- Known for: Autism education, inclusive pedagogies, practitioner training and policy development
- Awards: Fellow of the Academy of Social Sciences (2024)

Academic background
- Alma mater: University of Manchester University of Birmingham

Academic work
- Institutions: University of Birmingham

= Karen Guldberg =

British educational theorist

Karen Guldberg is a British academic specialising in autism studies and inclusive education. She is Professor of Autism Studies and Head of the School of Education at the University of Birmingham, where she previously served as director of the Autism Centre for Education and Research (ACER).

==Academic career==
Guldberg began her career as a teacher, working at New Fosseway School in Bristol from 1995 to 2000, and later for the Bristol Special Needs Autism Outreach service. She joined the University of Birmingham in 2001 as a lecturer and was appointed professor in 2018. She has served as Head of the Department of Disability, Inclusion and Special Needs and is currently Head of the School of Education.
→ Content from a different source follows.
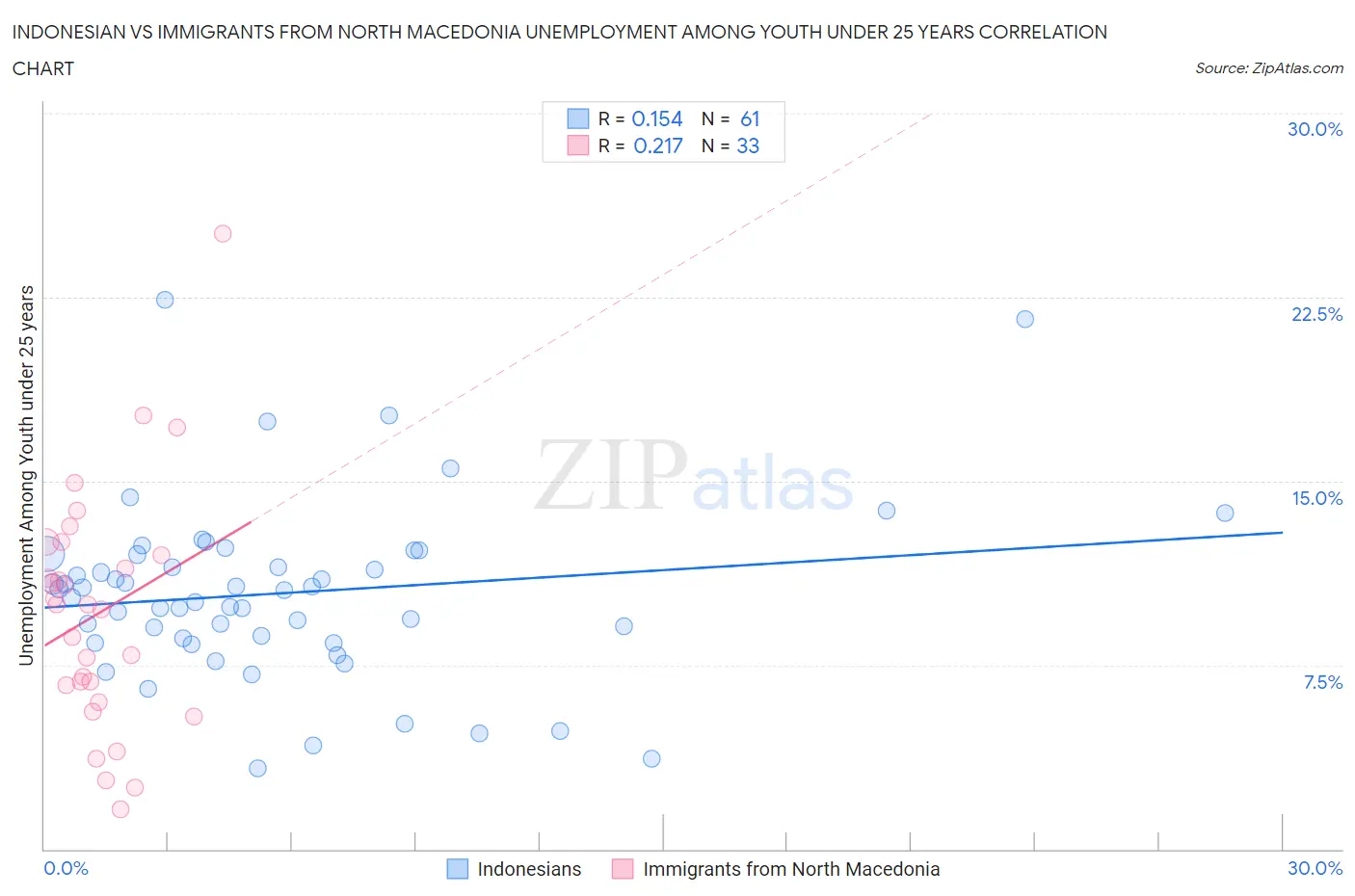 Indonesian vs Immigrants from North Macedonia Unemployment Among Youth under 25 years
From December 2024 to July 2025, she chaired the Department for Education’s Neurodivergence Task and Finish Group, whose recommendations informed the Schools White Paper. Since August 2025, she has served as a member of the Department for Education's Expert Advisory Group for Inclusion and the Scientific Advisory Council.
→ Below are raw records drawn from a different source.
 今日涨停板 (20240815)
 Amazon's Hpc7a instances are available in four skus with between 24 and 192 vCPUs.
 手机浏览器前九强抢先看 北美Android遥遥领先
In 2024, Guldberg was elected a Fellow of the Academy of Social Sciences. She was named the British Educational Research Association (BERA) Academic Citizen of the Year for 2025.

==Research==
Guldberg's research focuses on autism education, inclusive practice, pedagogy, and technology-enhanced learning. She has been principal investigator or co-investigator on more than 30 research and knowledge exchange projects funded by organisations including the Economic and Social Research Council (ESRC), the Engineering and Physical Sciences Research Council (EPSRC), the European Union, the Autism Education Trust (AET), and the John and Lorna Wing Foundation. Her work has included contributions to the Research Excellence Framework (REF) impact case studies in 2014 and 2021.